The Essenes: A Historical Hoax?

Israeli scholar Rachel Elior has rocked the blogosphere with her allegation that The Essenes didn’t exist at all, and Josephus likely made them up to make Jews look tough to the Romans:

Elior contends that Josephus, a former Jewish priest who wrote his history while being held captive in Rome, “wanted to explain to the Romans that the Jews weren’t all losers and traitors, that there were many exceptional Jews of religious devotion and heroism. You might say it was the first rebuttal to anti-Semitic literature.” She adds, “He was probably inspired by the Spartans. For the Romans, the Spartans were the highest ideal of human behavior, and Josephus wanted to portray Jews who were like the Spartans in their ideals and high virtue.”

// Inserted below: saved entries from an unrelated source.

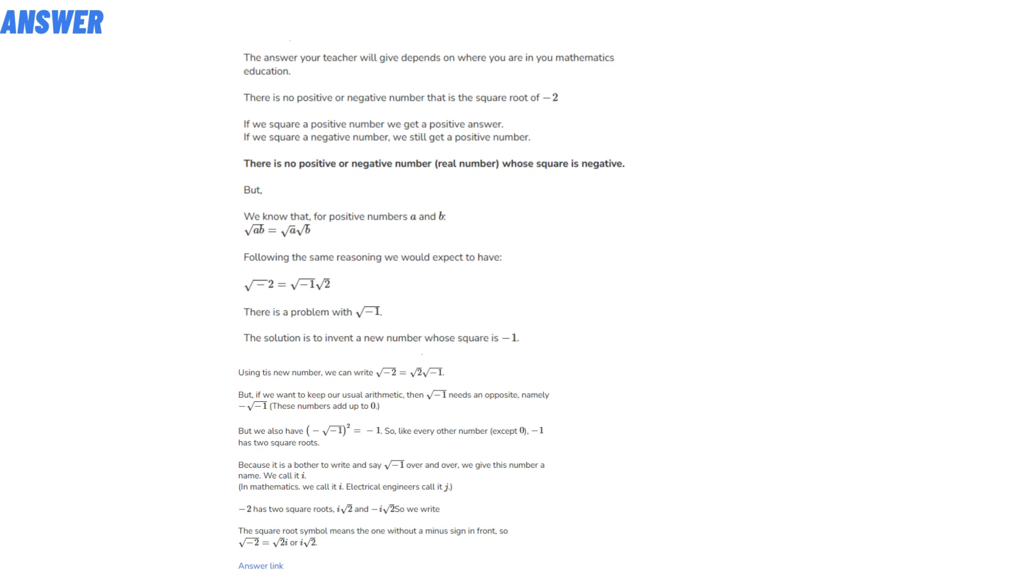There is no positive or negative real number whose square is negative. But we know that for positive numbers A and B,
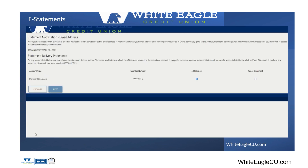Once you click I agree, it'll come up to statement notifications. Come over here and click e-statements.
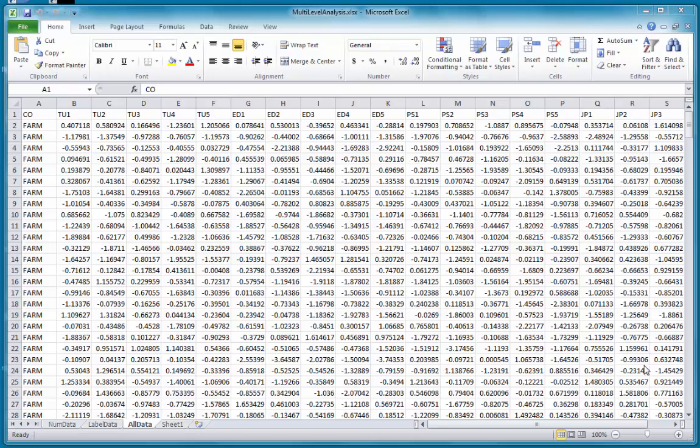In this video, I will explain how to do a multi-level analysis using WarpPLS. In this multi-level analysis, I have data that has been collected on a number of indicators which are related to three main latent variables.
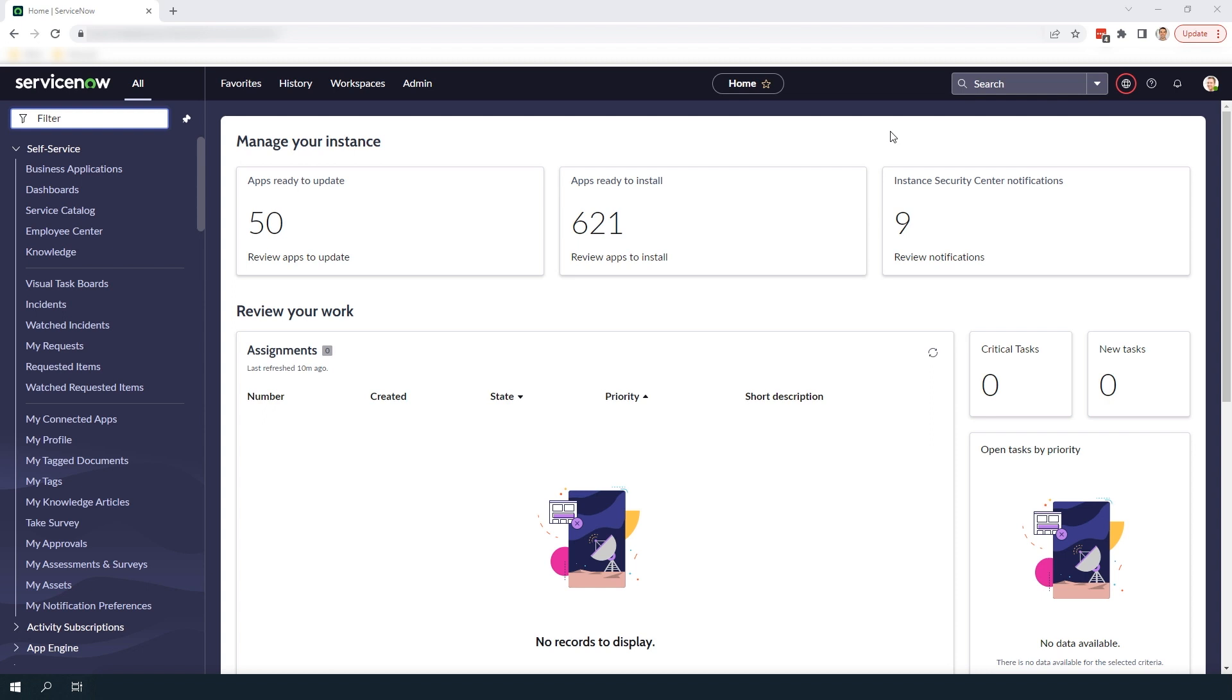Now that we've covered the benefits of using multiple currencies in ServiceNow for your catalog items let's go into ServiceNow and update an existing catalog item to include a price in US dollars and another price in British pounds.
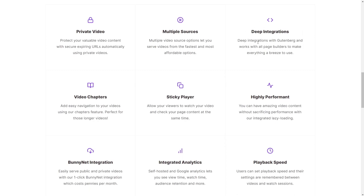It also has some amazing integrations. Presto Player can integrate with Uncanny Automator so that you can run automations when people play videos. There's lots of integrations there as well. There's video chapters. So just like on a YouTube video, when you watch, you see like little, on the playhead, there's like little sections. Well, this has chapters as well. They're really cool.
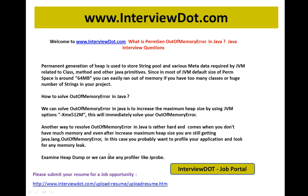Hope this video is useful for your interview preparation — this is a very important Java interview question. If you're looking for a job, please upload your resume using the following link. Thank you for watching and all the best for your interview. This video is from interview.com, a job portal in India.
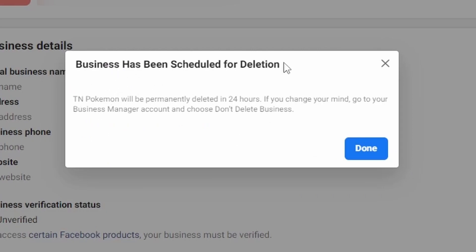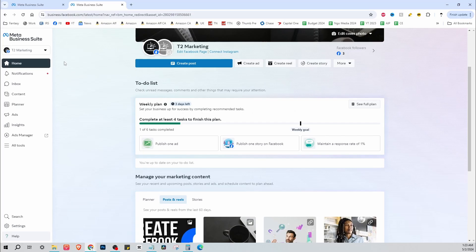Just like that, your business page has been scheduled for deletion. Your business page will be permanently deleted in 24 hours. If you change your mind, go to your Business Manager account and choose 'Don't Delete Business.' Click Done, and that is how you delete your Facebook business profile on Meta Business Suite. If this video helped you out, hit that like button — thanks for watching!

Early descriptions of the Essenes by Greek and Roman historians has them numbering in the thousands, living communally (“The first kibbutz,” jokes Elior) and forsaking sex — which goes against the Judaic exhortation to “go forth and multiply.” Says Elior: “It doesn’t make sense that you have thousands of people living against the Jewish law and there’s no mention of them in any of the Jewish texts and sources of that period.”

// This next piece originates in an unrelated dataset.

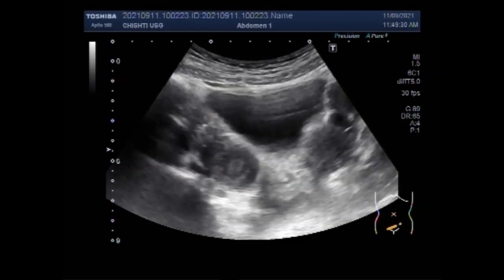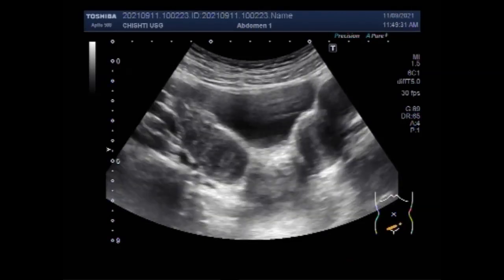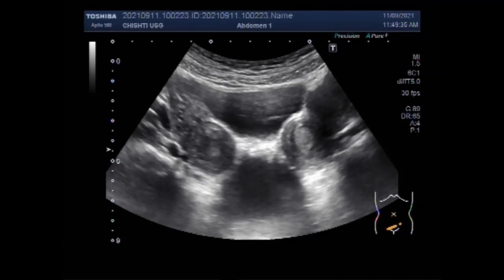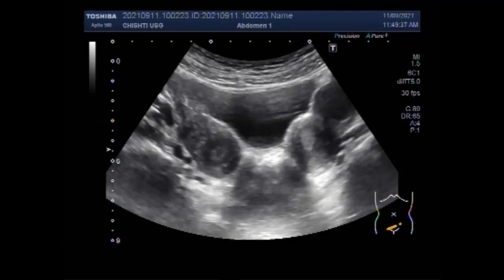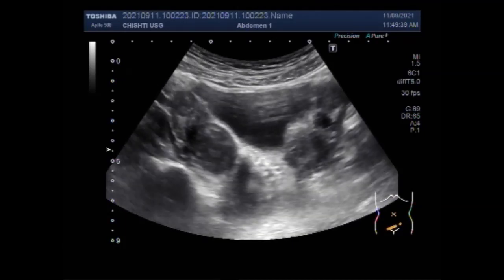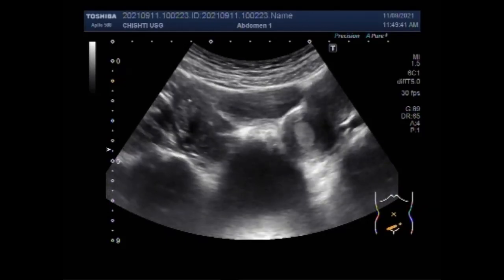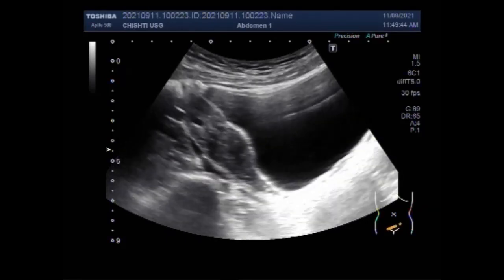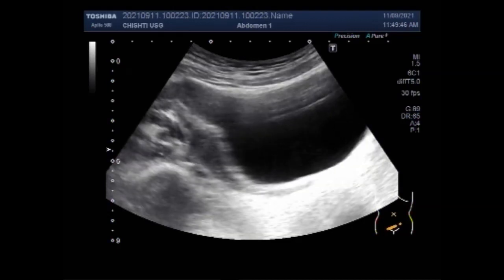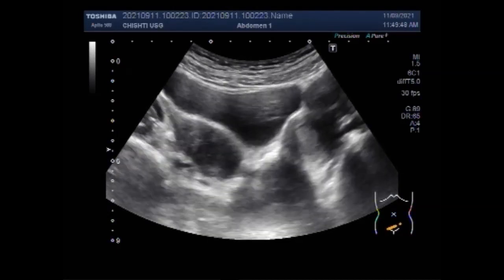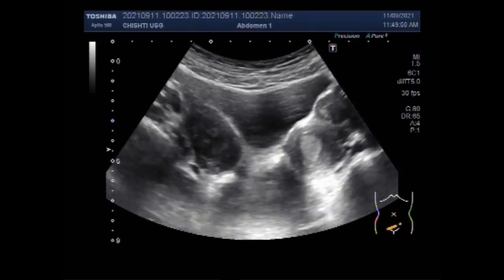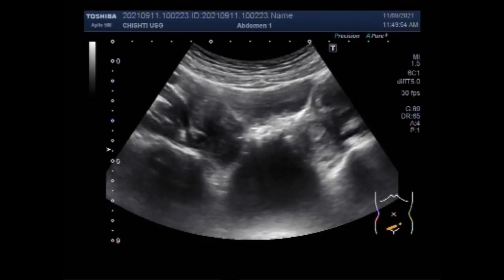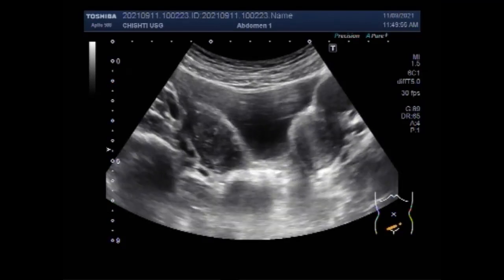Now you can see the uterus lying on the left side as well as the uterus lying on the right side. Both the ovaries are also visible, lying just adjacent to the uterus on their respective sides — right and left ovaries — and both ovaries show a cyst in their interior.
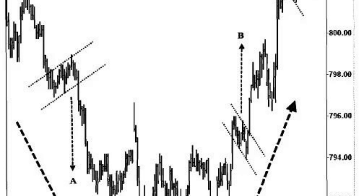Traders often consider bear flag patterns as potential selling opportunities, expecting the price to continue its downward movement after the breakdown.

Source: TIME: Scholar Claims Dead Sea Scrolls ‘Authors’ Never Existed

Her strongest proof here is the lack of evidence. The Talmud and other Jewish texts are voluminous beyond belief, and cover pretty much every detail imaginable, every law, every heresy against it that the sages knew of, yet a heretical sect as radical as The Essenes never merited a mention? No sages noticed The Essenes?

Elior’s case is far from air-tight, but personally I’ve always been suspicious of the Essene story too. It’s just so against the Jewish character, and, frankly, weird, for Jews to hide in caves waiting for the afterlife, and forgo sexual contact in a culture that puts such emphasis on marriage and mating. Jewish culture is a culture of shidduchim (matches) and the shadchan (matchmaker) and finding your b’sheret (soulmate). And the “are you married yet? why not? want to meet my daughter?” attitude comes through strongly, even in the earliest rabbinic sources.